Goal of the exercise: Leaving out the pictures, output each record exactly as it stands.

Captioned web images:

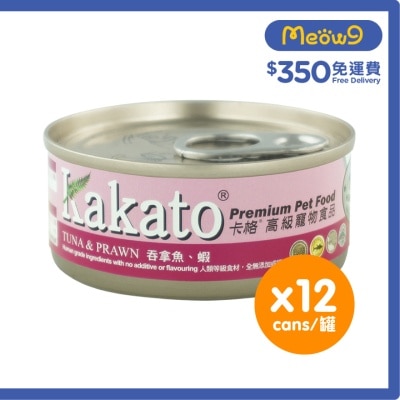 [12罐裝]吞拿魚、蝦(70gx12)貓犬適用 - KAKATO 貓狗鮮食罐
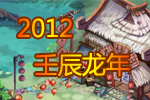 ʥĩ 2012ֽ
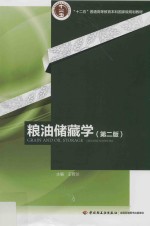 十二五普通高等教育本科国家级规划教材 粮油储藏学 第2版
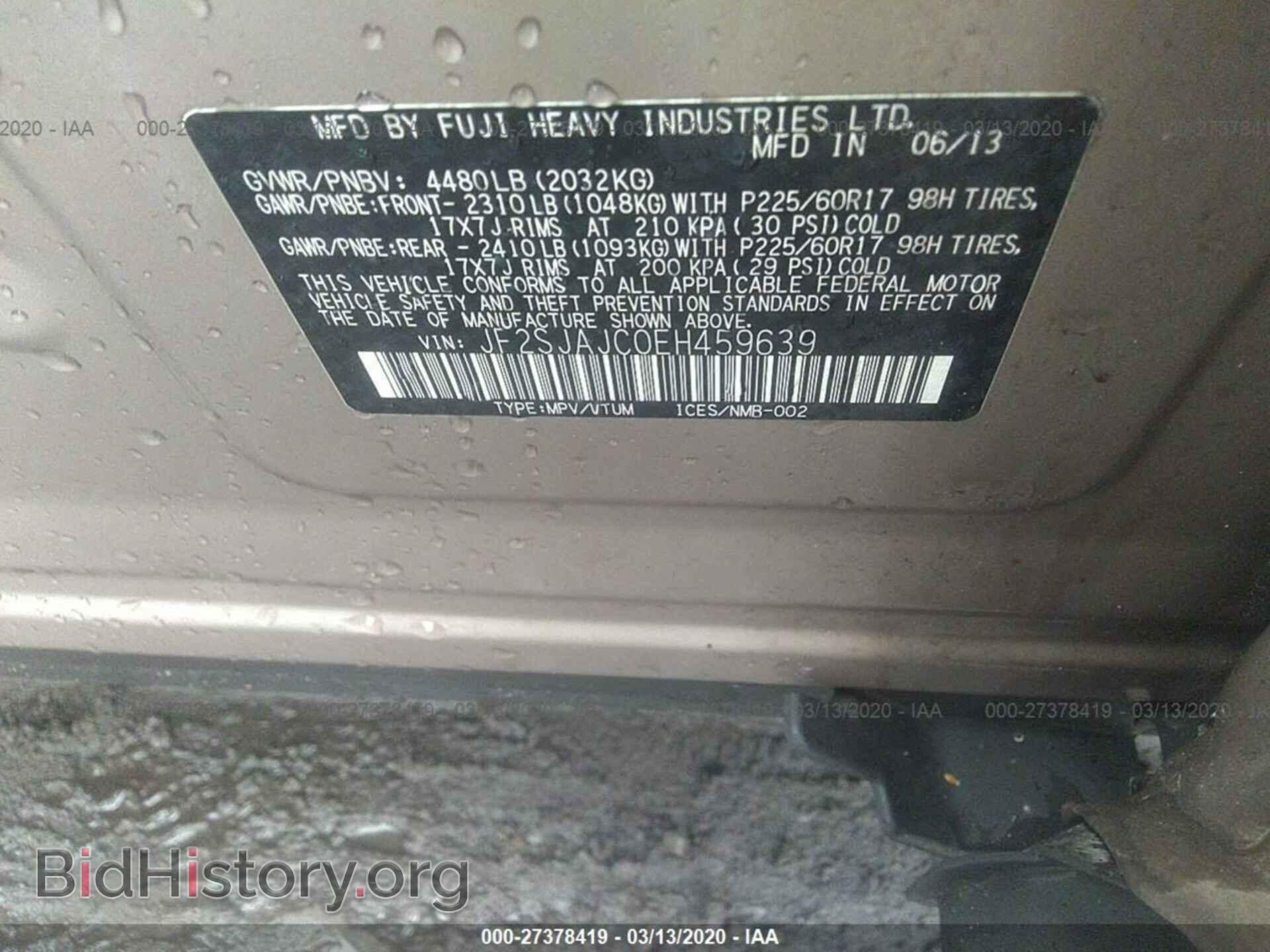2014 SUBARU FORESTER - VIN: JF2SJAJC0EH459639 - Фото 9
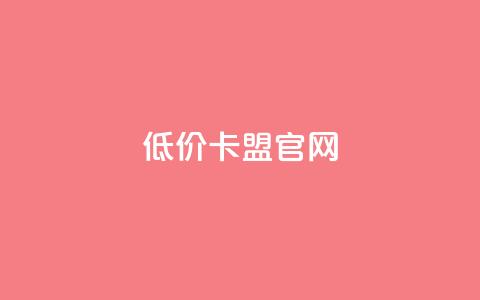 低价卡盟官网,qq主页加赞神器 - 拼多多助力平台 第1张 低价卡盟官网,qq主页加赞神器 - 拼多多助力平台 第1张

Answer to this problem:
 [12罐裝]吞拿魚、蝦(70gx12)貓犬適用 - KAKATO 貓狗鮮食罐
 ʥĩ 2012ֽ
 十二五普通高等教育本科国家级规划教材 粮油储藏学 第2版
2014 SUBARU FORESTER - VIN: JF2SJAJC0EH459639 - Фото 9
 低价卡盟官网,qq主页加赞神器 - 拼多多助力平台 第1张 低价卡盟官网,qq主页加赞神器 - 拼多多助力平台 第1张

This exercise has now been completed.